Ce roman datant de 1970 n'est sans doute pas le plus marquant de son auteur, c'est une pièce un peu à part dans l'oeuvre foisonnante de
Inoue Yasushi. Son titre français ne traduit pas du tout le titre original japonais, « Keyaki no ki », qui serait plutôt « le bois de keyaki ». Cette précision est cruciale, car le keyaki, un arbre qu'on appelle aussi l'orme japonais est aussi central dans ce livre que le personnage humain principal, Ushioda, Ki-itchiro de son prénom.
Inoue nous apprend que le keyaki est un arbre qui peut vivre extrêmement longtemps, et plus il est vieux, plus il permet de fabriquer de beaux meubles de tradition japonaise. du coup, s'en procurer de bons est difficile, et de plus en plus car il est victime de la pollution, au point qu'il faut largement l'importer d'autres contrées où s'étend son aire d'implantation.
Monsieur Ushioda, 57 ans, est chef d'une grande entreprise de Tôkyô. Très occupé par ses fonctions, il aspire à avoir un peu de temps pour lui le dimanche, mais c'est bien difficile, il est tout le temps dérangé par des coups de fil et visites intempestives, que gère sa femme Mitsuko. Les deux, et leurs trois enfants, deux garçons et une fille qui vivent encore en grande partie chez leurs parents, prennent un malin plaisir à s'envoyer des remarques acides et mesquines. Les enfants prennent le parti de leur mère pour trouver leur père un poil dépassé par l'évolution de la société, 1968 est passé par là comme partout ailleurs. le loisir favori de Ki-itchiro, souvent inspiré par les échanges avec sa femme, ses enfants, sa lecture des faits divers, est d'écrire des billets d'humeur dans un journal. Il est aussi très sollicité, qui par un vieil ami pour être témoin de mariage de son fils, qui par ses propres rêves, parfois éveillés, ou un ami mort vient lui parler jusqu'à pousser Ki-itchiro à lui rendre visite au cimetière à deux heures de là d'autoroute !

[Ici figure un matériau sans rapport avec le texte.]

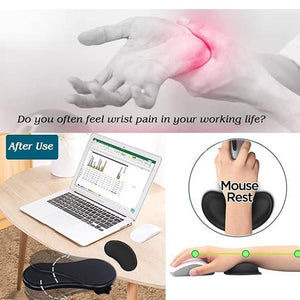 BB  Arm Rest Pad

Mais la visite qui va tout changer est celle d'un vieillard, Yasumi, qui a créé à Tôkyô une association de défense des keyakis, attaqués par la pollution et par l'urbanisation à outrance qui les menacent de disparition. Ki-itchiro et sa femme se trouvent entraînés dans une longue, très longue visite des sites Tokyoïtes des plus beaux keyakis. Au début, la politesse les contraints quelque peu à se coltiner l'intarissable Yasumi, mais peu à peu, Ki-itchiro va se prendre au jeu…
Il ne se passe pas grand-chose de très fondamental dans ce roman, et le dénouement de la maigre intrigue n'a rien de révolutionnaire. Il comporte cependant plusieurs points d'intérêt. Déjà, l'humour sous-jacent, un peu à l'anglaise, dans les échanges entre Ki-itchiro et sa femme notamment. C'est un vieux couple, les piques fusent, mais on sait se tenir, point d'engueulades, ici on est chez des japonais, et bourgeois de surcroît. Un clin d'oeil aussi lorsque Ki-itchiro savoure la mésentente flagrante du jeune couple dont il a assisté au mariage un mois plus tôt, lorsqu'il les revoit en panne au bord d'une route. La femme ne s'en laisse pas compter, le mari va devoir faire son éducation…Pas de doute, on est au Japon machiste, et Ki-itchiro amusé les projette certainement en vieux couple aigri comme le sien désormais ! Intéressant aussi quand on voit l'évolution du pays, sa modernisation, la perte de coutumes devenues un peu ésotériques…Ki-itchiro va aussi se découvrir un contradicteur acharné qui démonte systématiquement ses billets. Piqué dans son orgueil, en colère, il va le rencontrer…pour se rendre à l'évidence au vu du contexte, il ne peut que faire amende honorable…
Inoue nous montre des personnages parfois un peu dépassés par ces changements, mais souvent pas si mécontents. Autant par son style, comme toujours à la fois simple et non dénué d'élégance, que sur le fond, il se montre en cela plus moderne et optimiste qu'un Kawabata tellement nostalgique du Japon ancien. Sur le fond, son discours est d'une étonnante actualité, il faut défendre les arbres, ces sentinelles de la santé de notre environnement. Et son ton teinté d'humour dédramatise le couple, et la vie, incitant à en profiter un peu et ne pas se prendre trop au sérieux !
Sous ses airs de comédie, ce roman est d'une lecture plutôt agréable, même si certains passages son longuets. Sans être inoubliable, il dévoile une nouvelle facette de l'oeuvre d'
Inoue, ce grand écrivain aux mille visages.